I didn’t know. Not mine biblical way, for sure.
Although,
he continued, I’m thinking maybe we won’t have lamb chops this year.
A bleat came from the large, fenced pen. Three baby sheep got somehow their heads together and tangled in the fencing. A couple of the teenagers, their boots shmeared with animal dung, trotted over to save them from themselves.
Brothers and sisters,
from a speaker almost behind me directly a voice came. Deep and low, mine tuches it shook it was so loud. Before we start with the sacrifice, a few words.
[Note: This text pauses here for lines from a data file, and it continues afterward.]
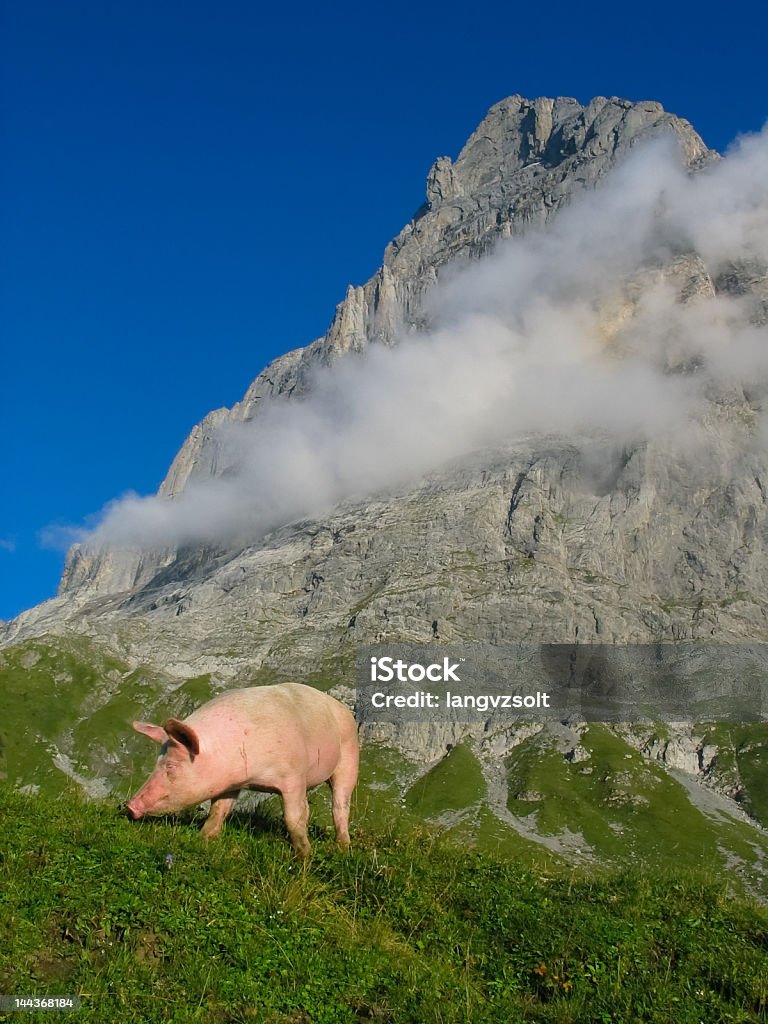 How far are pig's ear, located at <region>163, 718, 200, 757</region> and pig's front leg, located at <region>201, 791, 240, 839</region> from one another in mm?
1214

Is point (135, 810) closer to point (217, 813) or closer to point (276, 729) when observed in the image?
point (217, 813)

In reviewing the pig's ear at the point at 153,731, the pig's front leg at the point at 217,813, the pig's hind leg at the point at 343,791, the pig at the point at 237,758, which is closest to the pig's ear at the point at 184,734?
the pig at the point at 237,758

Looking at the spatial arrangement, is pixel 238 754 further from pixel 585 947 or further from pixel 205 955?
pixel 585 947

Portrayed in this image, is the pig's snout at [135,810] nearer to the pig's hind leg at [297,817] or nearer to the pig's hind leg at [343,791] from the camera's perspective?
the pig's hind leg at [297,817]

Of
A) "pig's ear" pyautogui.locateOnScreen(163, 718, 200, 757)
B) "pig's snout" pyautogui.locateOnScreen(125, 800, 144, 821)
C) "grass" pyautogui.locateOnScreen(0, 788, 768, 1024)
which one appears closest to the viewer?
"grass" pyautogui.locateOnScreen(0, 788, 768, 1024)

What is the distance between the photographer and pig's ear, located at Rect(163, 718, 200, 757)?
12336 millimetres

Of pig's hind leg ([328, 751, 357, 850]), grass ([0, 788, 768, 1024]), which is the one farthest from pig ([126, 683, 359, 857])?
grass ([0, 788, 768, 1024])

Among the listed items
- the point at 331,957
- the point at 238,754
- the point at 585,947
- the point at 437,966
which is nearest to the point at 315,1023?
the point at 331,957

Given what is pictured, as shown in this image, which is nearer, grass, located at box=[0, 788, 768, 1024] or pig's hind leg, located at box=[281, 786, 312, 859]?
grass, located at box=[0, 788, 768, 1024]

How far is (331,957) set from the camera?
9.91 meters

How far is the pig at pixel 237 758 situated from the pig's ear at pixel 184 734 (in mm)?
15

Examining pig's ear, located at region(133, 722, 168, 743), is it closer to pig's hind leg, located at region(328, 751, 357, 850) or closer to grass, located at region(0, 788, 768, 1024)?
grass, located at region(0, 788, 768, 1024)

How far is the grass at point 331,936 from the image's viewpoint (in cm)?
897

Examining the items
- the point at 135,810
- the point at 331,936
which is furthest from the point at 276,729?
the point at 331,936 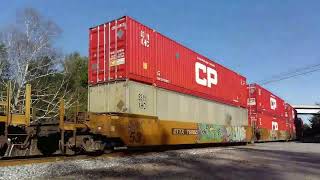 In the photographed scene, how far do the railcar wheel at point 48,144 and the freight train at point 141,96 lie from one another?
0.11ft

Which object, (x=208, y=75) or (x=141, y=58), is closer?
(x=141, y=58)

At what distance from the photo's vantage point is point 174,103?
752 inches

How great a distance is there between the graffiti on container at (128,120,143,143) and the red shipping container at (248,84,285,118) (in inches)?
717

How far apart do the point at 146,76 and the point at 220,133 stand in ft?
28.9

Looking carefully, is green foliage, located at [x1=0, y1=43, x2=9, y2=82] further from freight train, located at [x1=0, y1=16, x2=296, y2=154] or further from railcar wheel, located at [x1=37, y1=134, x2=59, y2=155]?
railcar wheel, located at [x1=37, y1=134, x2=59, y2=155]

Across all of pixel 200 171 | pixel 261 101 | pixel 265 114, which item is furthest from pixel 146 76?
pixel 265 114

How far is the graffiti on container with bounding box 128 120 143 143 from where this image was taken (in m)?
15.4

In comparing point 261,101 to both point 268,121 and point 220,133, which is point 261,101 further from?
point 220,133

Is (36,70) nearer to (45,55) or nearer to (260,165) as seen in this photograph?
(45,55)

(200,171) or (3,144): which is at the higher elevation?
(3,144)

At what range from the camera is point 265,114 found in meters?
35.8

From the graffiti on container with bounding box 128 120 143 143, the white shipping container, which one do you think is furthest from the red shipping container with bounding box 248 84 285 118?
the graffiti on container with bounding box 128 120 143 143

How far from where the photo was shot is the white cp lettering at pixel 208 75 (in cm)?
2203

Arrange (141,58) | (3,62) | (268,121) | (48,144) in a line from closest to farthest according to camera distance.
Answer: (48,144) → (141,58) → (3,62) → (268,121) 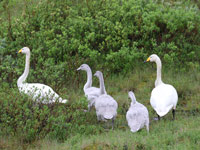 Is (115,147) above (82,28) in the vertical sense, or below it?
below

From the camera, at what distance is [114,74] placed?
12.2 metres

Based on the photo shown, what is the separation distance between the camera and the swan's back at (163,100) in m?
8.28

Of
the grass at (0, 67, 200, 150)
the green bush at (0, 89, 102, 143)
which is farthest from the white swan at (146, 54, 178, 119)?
the green bush at (0, 89, 102, 143)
At the top of the steps, to mine left, a stand with a microphone was set up, and behind it the priest, or pastor, or whatever they were called stood. He all in white was also dressed, and on his head wore a white hat, a fancy cloth muffin with gold stitching.
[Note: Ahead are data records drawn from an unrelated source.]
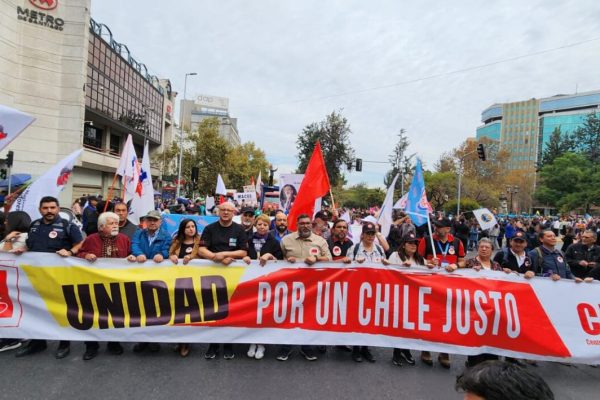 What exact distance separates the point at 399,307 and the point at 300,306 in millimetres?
1128

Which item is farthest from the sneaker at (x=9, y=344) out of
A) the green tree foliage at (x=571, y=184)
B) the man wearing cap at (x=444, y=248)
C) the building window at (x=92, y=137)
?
the green tree foliage at (x=571, y=184)

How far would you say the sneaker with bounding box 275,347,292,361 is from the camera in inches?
168

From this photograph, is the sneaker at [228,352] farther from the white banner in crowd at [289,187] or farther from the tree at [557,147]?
the tree at [557,147]

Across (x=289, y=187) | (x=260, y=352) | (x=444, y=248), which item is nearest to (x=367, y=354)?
(x=260, y=352)

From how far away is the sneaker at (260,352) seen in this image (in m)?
4.28

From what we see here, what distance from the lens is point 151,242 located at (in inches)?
192

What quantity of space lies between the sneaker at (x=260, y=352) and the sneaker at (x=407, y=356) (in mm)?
1584

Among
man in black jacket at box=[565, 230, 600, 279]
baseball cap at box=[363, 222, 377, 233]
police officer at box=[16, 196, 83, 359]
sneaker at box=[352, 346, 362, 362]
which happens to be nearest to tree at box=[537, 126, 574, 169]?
man in black jacket at box=[565, 230, 600, 279]

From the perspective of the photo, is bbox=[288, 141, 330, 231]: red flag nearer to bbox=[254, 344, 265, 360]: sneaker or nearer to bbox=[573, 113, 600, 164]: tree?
bbox=[254, 344, 265, 360]: sneaker

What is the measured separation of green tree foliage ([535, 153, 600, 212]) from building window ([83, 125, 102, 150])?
56.5m

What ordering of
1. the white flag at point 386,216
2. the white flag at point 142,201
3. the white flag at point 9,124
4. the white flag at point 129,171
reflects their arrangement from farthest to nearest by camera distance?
the white flag at point 386,216 < the white flag at point 129,171 < the white flag at point 142,201 < the white flag at point 9,124

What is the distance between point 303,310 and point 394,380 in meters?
1.19

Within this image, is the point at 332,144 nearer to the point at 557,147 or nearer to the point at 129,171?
the point at 129,171

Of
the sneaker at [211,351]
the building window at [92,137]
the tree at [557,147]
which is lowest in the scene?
the sneaker at [211,351] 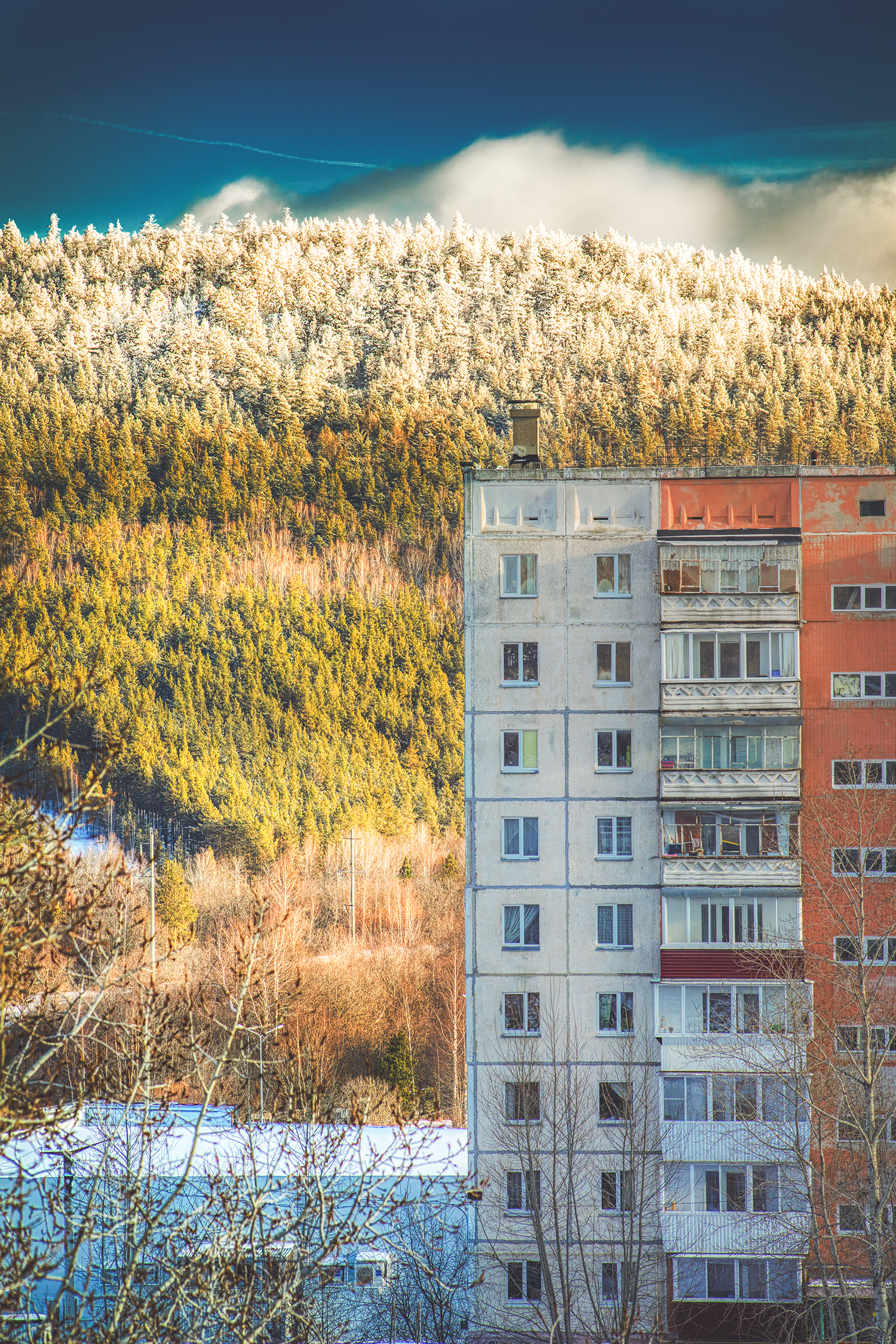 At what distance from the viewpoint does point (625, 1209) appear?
32906mm

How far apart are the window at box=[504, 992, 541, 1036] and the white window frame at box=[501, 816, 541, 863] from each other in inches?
134

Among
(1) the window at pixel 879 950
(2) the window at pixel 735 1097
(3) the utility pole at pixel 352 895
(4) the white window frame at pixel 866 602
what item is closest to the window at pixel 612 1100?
(2) the window at pixel 735 1097

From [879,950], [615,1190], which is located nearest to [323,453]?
[879,950]

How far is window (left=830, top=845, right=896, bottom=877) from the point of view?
108 feet

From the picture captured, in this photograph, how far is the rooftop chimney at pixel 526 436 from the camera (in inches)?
1475

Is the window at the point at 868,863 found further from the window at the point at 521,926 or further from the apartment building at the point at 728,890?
the window at the point at 521,926

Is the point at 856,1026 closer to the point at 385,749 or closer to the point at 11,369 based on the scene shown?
the point at 385,749

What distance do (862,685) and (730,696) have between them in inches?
135

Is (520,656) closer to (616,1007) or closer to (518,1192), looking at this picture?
(616,1007)

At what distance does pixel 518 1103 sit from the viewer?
111 feet

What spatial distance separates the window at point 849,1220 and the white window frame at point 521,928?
9459mm

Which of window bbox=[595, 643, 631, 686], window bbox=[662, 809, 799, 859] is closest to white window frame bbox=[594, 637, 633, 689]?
window bbox=[595, 643, 631, 686]

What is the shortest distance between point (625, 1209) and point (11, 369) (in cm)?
16158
Between the families and their baby sheep and what looked like an altar at the bottom of the steps, a line of people like white pearls on a broken string in the crowd up to the altar stood. Each like the one taking money was dressed. A screen to the left of the altar hid from the public more men at tables standing. The ones between the altar and the screen were also with white, shiny butcher smocks also dressed.
On the steps above the altar, a younger man stood, younger than mine thirty-three years looking. Also in white he was dressed, and like the main priest speaking a few steps behind in, wearing the same kind of hat. He on top of the robe wore a clear plastic poncho, covering past his feet, down to the ground. A long, thick knife in his palms he rolled around, the blade like a little drill bit spinning slowly. That kind of knife I knew. Mine father was a kosher butcher, who for a living slaughtered cows, sheep, and chickens.
At the younger man, for a moment the older priest frowned.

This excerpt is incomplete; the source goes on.